View of Tehran city, Iran.
Nurphoto via Getty Images
Seven days ago, when US President Donald Trump left the G7 Summit early and called on Israel to “unconditional surrender” in Iran, an anonymous Tiktok account posted two pro-Iranian propaganda videos. One shows the female bay on a computer, and at first glance appears to be preparing to launch a rocket. Another showed a line of tanks carrying missiles and Iranian flags emerging from tunnels.

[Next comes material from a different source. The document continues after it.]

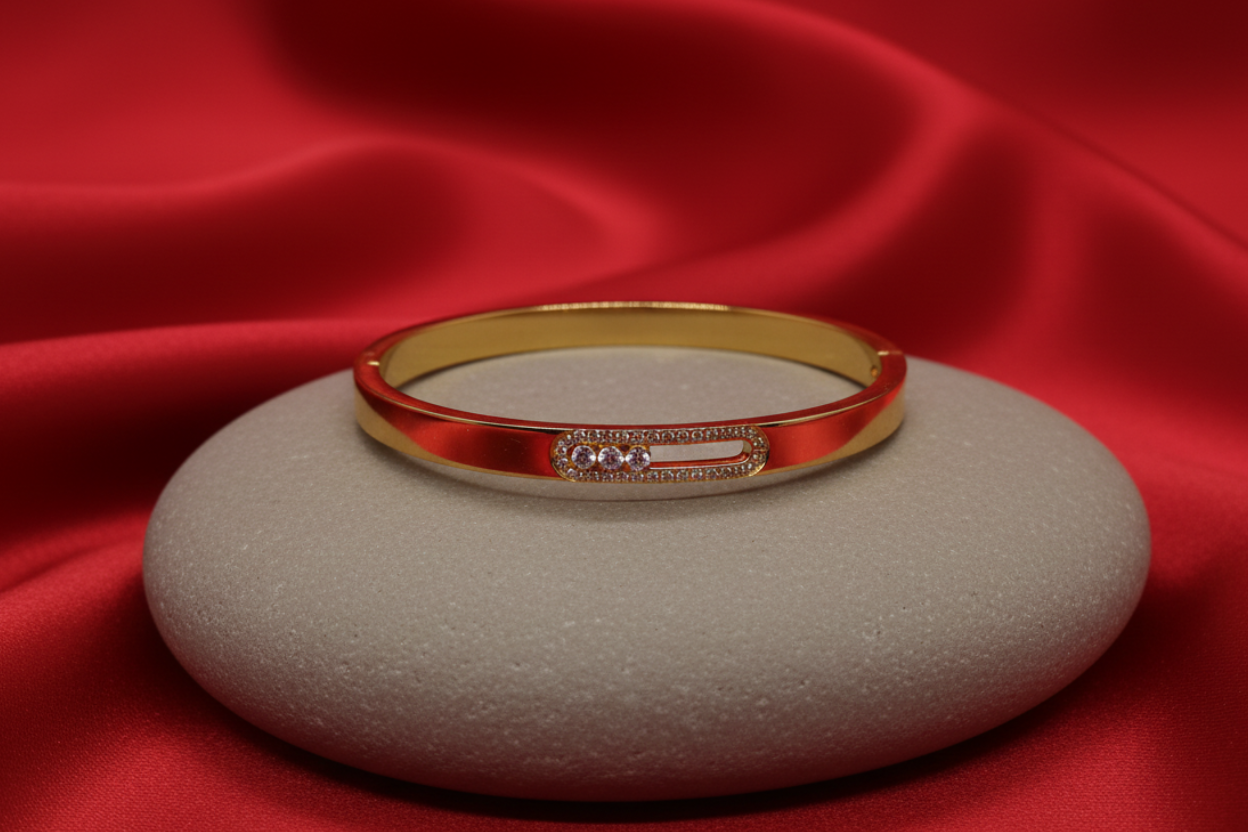 The Unity Link Statement Bangle (Free Size)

The next day, the US bombed Iran's nuclear development sites and entered yet another conflict in the Middle East. Also, two videos that appear to be generated by AI will begin to be widely distributed on social media. According to data analytics platform Zelf, the two videos became one of the 15 most viewed tiktoks on Iran last week, accumulating over 30 million views. They then disappeared from the platform.
Screenshots from Zelf
Emily Baker White
Screenshots from Zelf
Emily Baker White
The videos that the AI appears to be generating were not unique to Tiktok. It also accumulated millions of additional views, posting over 100 times across its Instagram reel and YouTube shorts accounts. They were not labeled as being generated by AI on any of the social media sites. Tiktok, YouTube, and Instagram all require creators to label realistic AI-generated content. (In my previous life, I held my content policy position on Facebook and Spotify.)
On YouTube, one post featuring a woman with a rocket included a disclaimer saying, “This channel got money and free stuff to make this video.” In another YouTube post of the same video, the author added the text in Arabic and asked viewers to subscribe as they liked. On Facebook, one user responded to rocket video by posting a smiling emoji creature, laughing at the emoji with wings and hearts for their eyes. Others responded with hearts and thumbs.
None of the social platforms prohibit posts that appear to be propaganda from Iran, Israel, the US or elsewhere. Unless it's part of a massive inauthentic action campaign that uses tactics like fake accounts to spread obsolete messages. Governments, including the US, are using AI-generated propaganda to advance their social media agenda. Israel has also run a wide range of advertising campaigns on its social media platforms regarding the war in Gaza.
Still, the prevalence of false war images across social media can inflame tensions between countries and their groups, promote division between groups, and lead to real-world violence. It can also undermine trust amongst the earthly people in conflict zones, making it even more difficult for them to know what reality is. Recently, the created images and videos of AI depicting missiles falling into Tel Aviv and B-2 bombers via Tehran have also become viruses, with some fake media being shared by government officials and state media.
A Meta spokesman declined to comment on the video. YouTube spokesman Jack Malon said the video does not violate the platform's rules, but the company added the label because it is “realistic” and requires a notable disclaimer on videos generated by AI when it is likely to be misleading. Tiktok also declined to comment, but after that Forbes The anonymous account that posted the video has been deleted in search of comment.